En ese aspecto, vivimos aún una realidad preocupante, pues en el Índice General de Impunidad 2024 (IGI) (https://shorturl.at/8A3DD) desarrollado por el Instituto de investigación en Administración Pública e Innovación Institucional (IIAPII) de la Universidad de las Américas, se coloca a México entre los 15 países con mayor impunidad, en la posición 80 de 115 países estudiados, donde países como Alemania, Dinamarca y Suecia son los de menor impunidad.
El reto de México y sus gobiernos es fortalecer el estado de derecho, reducir al mínimo la impunidad y, con ello, lograr niveles aceptables de seguridad pública, y también de erradicación de la corrupción y todos los fenómenos nocivos que ésta trae consigo.

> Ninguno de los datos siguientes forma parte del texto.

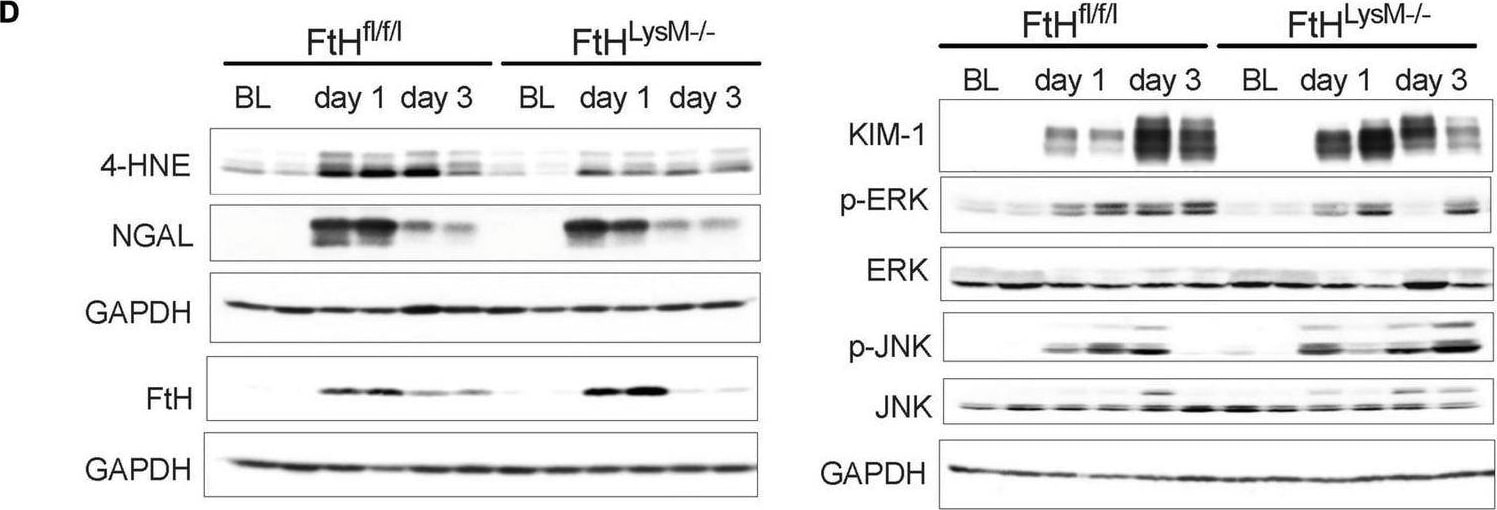 Detection of Lipocalin-2/NGAL by Western Blot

Tradicionalmente se ha asumido que el combate a la corrupción en México está y debe estar en manos de la principal figura de autoridad política, la Presidencia de la República. Así lo decía AMLO y recientemente un analista prestigiado como lo es Zepeda Patterson afirmaba (https://shorturl.at/2Iuy9) que el combate a la corrupción reside en la voluntad política de la Presidenta de la República. Pero ese reconocimiento al peso del presidencialismo puede tener doble filo, pues en todo caso los resultados positivos o negativos serían adjudicables a la figura presidencial. Tal vez la reconfiguración del estado mexicano, en su lucha histórica contra la impunidad, la corrupción, la inseguridad, y el fortalecimiento del estado de derecho, requiera que no toda responsabilidad pública se concentre, sino que los distintos órganos republicanos respondan por sus obligaciones.